C’était quelqu’un d’authentique. D’autres diront que c’était un original, surtout ceux qui auront été accueilli au dojo par ce petit bonhomme, tout en muscle, mais souvent seulement vêtu entre deux cours d’un slip et d’un soupçon d’eau de cologne. « Bonjour madame, est-ce que je peux vous renseigner ? » C’est sûr, il fallait aller de suite au-delà des apparences, sinon il y avait blocage !

Il fallait lever un peu le regard, et croiser ses yeux. Des yeux tellement bienveillants, lumineux et pétillants. Et là vous compreniez que ces offres, ces questions que l’on fait tous les jours sans y faire attention, « ça va ? Et les enfants ? », Guy en pesait chaque mot. Il ne vous disait pas « bonjour ». Il vous souhaitait une bonne journée, une journée pleine de travail, enrichissante et instructive.

Alors un original, un gars bizarre, oui, peut-être. Car c’est comme cela que l’on appelle aujourd’hui quelqu’un qui a des principes, et qui s’y tient : un original, un bonhomme un peu fou… Mais Guy, qui était un roc, au physique comme au moral, était sans doute une des personnes les plus attentives et ouvertes que l’on puisse rencontrer.

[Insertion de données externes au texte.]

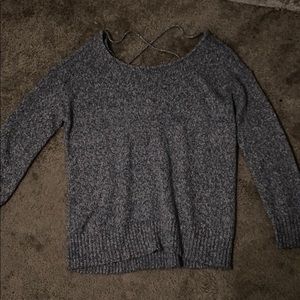 American Eagle Cross Back Sweater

C’était peut-être parce qu’il n’a pas eu la chance d’avoir ses propres enfants, mais les enfants des autres ne venait jamais lui parler en vain. Pour tout dire, il avait le même souci des hommes que des animaux, même si ces derniers lui ont peut-être mieux rendu son affection. Parce que, comme lui, ils étaient sincères. Mais maintenant qu’il va falloir faire sans Guy, on va peut-être comprendre que, bien sûr, des gens comme lui sont encombrants, gênants, ce sont des empêcheurs de penser en rond. Mais ils sont le sel de la terre. Ils donnent tout son prix à la vie.

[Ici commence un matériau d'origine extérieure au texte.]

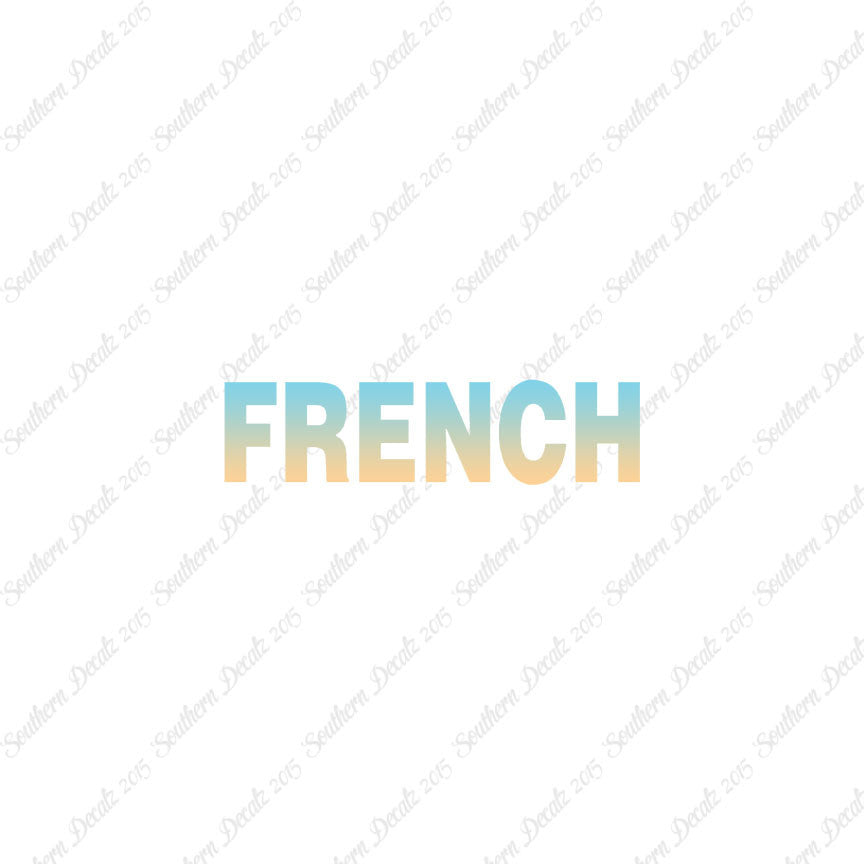 French Class Subject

Je voudrais terminer par un souvenir personnel. Un jour, au dojo, au cours d’une de ces conversations d’après entraînement, qui duraient souvent jusque tard dans la nuit. Il m’avait dit : « tu sais, on n’a pas de temps à perdre avec les conneries, les blocages, les emmerdeurs… Il faut abandonner toute peur, et avancer. » Bien sûr, donner ce genre de conseil c’est facile, alors que le suivre, ça prend toute une vie. Mais que ce conseil soit venu de Guy, j’y trouve la force de croire que, lorsqu’il a eu son accident, même si celui-ci est arrivé un siècle trop tôt, Guy, lui, était prêt. Et qu’il n’avait pas peur.